Another solution is to generate a kind of "ring buffer" (as the Data Turbine Inititive manages), the filter is sending the data to this "ring buffer", and the data from the buffer is saved to a disk. Another process is in charge to transform this data to the HDF format and load in the database the metadata necessary to track it.

Thanks for your help!



Given the scale of what you are trying to do, here is what I would suggest:

1. first use a 'trace' filter. These run after the connection has closed, they always run, and theoretically you have the most information about what happened, essentially you can record information during the request and handle it at the end. Trace filters don't interfere with the quickness of serving the request.

2. Dump you collected information to a log file of some type.
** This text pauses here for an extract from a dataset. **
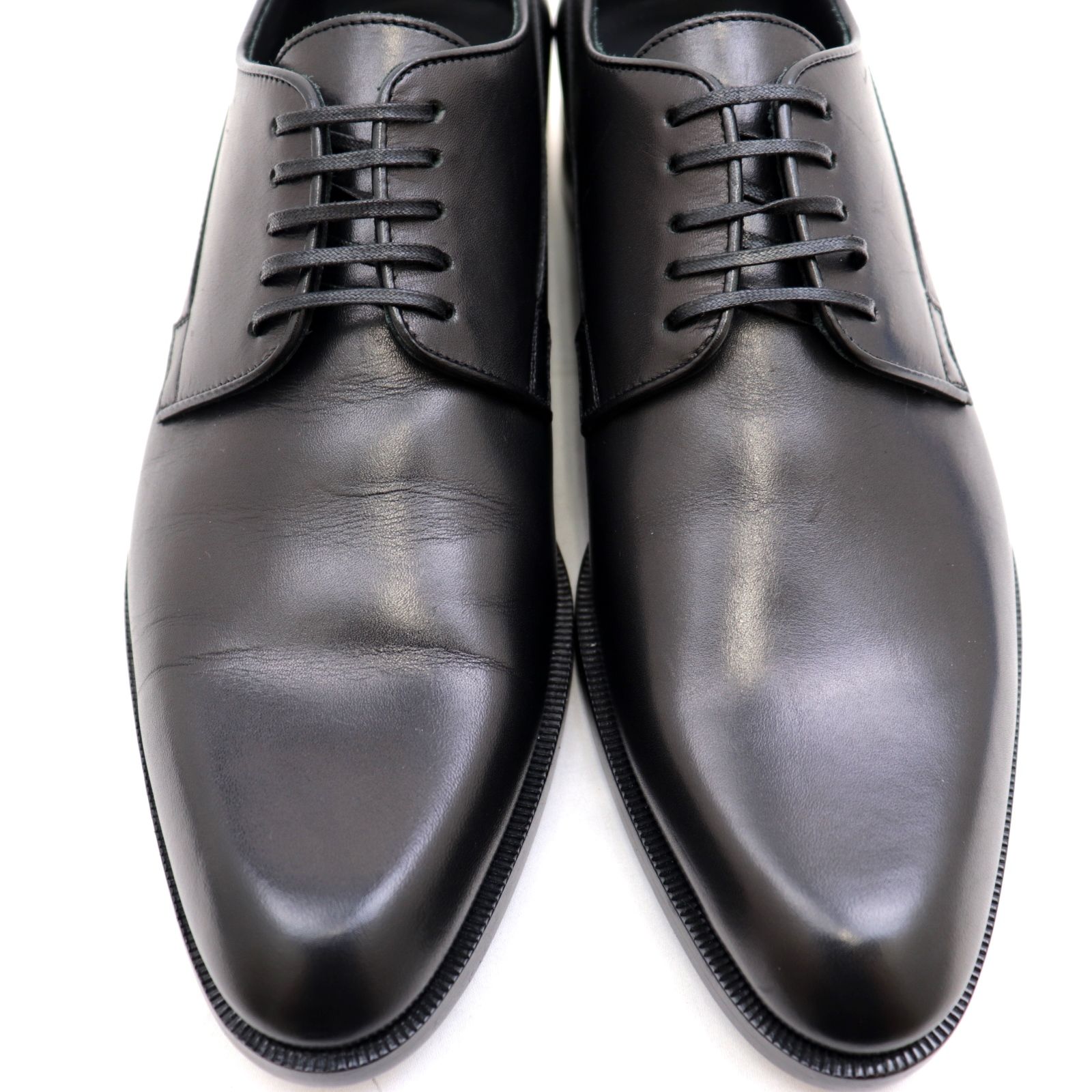 新品 DIOR ディオールオム 12HBM 外羽根 プレーントゥ レザーシューズ Dior HOMME 未使用 ディオール オム プレーントゥ レザー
You may be able to just piggyback on the error log, or the access log, or create a new file to accept output.

3. Unfortunately, 2 requires that there is some text format for the HDF. I bet there is one.

4. There are certain utilities that can filter the error log to multiple files (multilog), so using the error.log facility is a good choice.
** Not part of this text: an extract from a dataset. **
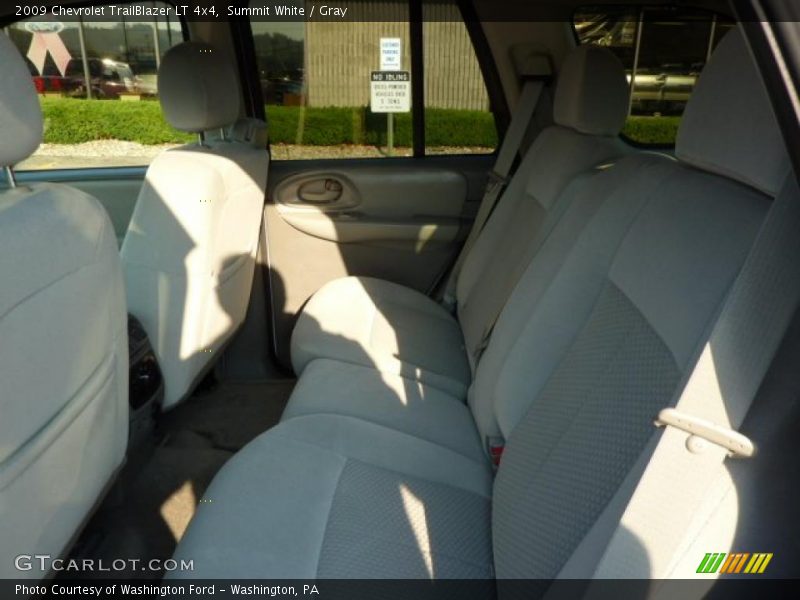Summit White / Gray 2009 Chevrolet TrailBlazer LT 4x4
5. Occasionally process the output files with whatever tools are available for your HDF client/server.

Usint a text file buffer, you can start immediately instead of creating a module specific to AOLserver or Tcl, and you can test each part separately. You also have a transaction log, and you don't have to worry if your HDF software errors out, or if you change software.

Hi Tom,

First, thanks again for your help!!.

Your solution is close to my second alternative:

Another solution is to generate a kind of "ring buffer" (as the Data Turbine Initiative manages), the filter is sending the data to this "ring buffer", and the data from the buffer is saved to a disk. Another process is in charge to transform this data to the HDF format and load in the database the meta-data necessary to track it.

My only doubt is about the efficiency if is the filter that directly dump the information to the text file, because it'll be requesting I/O access per each request, and with a kind of "ring buffer", the I/O operations could be delayed until to have a pre-configured information amount (as for example 100 connections).

I like the idea to use a trace filter!



The text file is your buffer, with something like multilog, you can have more than one, so you only process the ones that are closed. This provides a separation of writing/reading from the file.

Please note that I have no idea what data you are collecting, but only that eventually everything starts as a string, and Tcl is very good at producing strings. AOLserver is even better at handling strings (including binary data).

But I did look at the HDF, which I found out stands for Hierarchical Data Format, there appears to be a significant amount of up-front data-modeling. If you continue to work on this, it would be very interesting to hear from you on how you use HDF.

The details of applying this to AOLserver (how to use this in a filter) are simple by comparison, so continue to ask for help. A good starting point is simply writing data to a file, even from a Tcl shell, that does what you want, and can be used by whatever downstream tools you choose, after that, adding that to AOLserver is easy.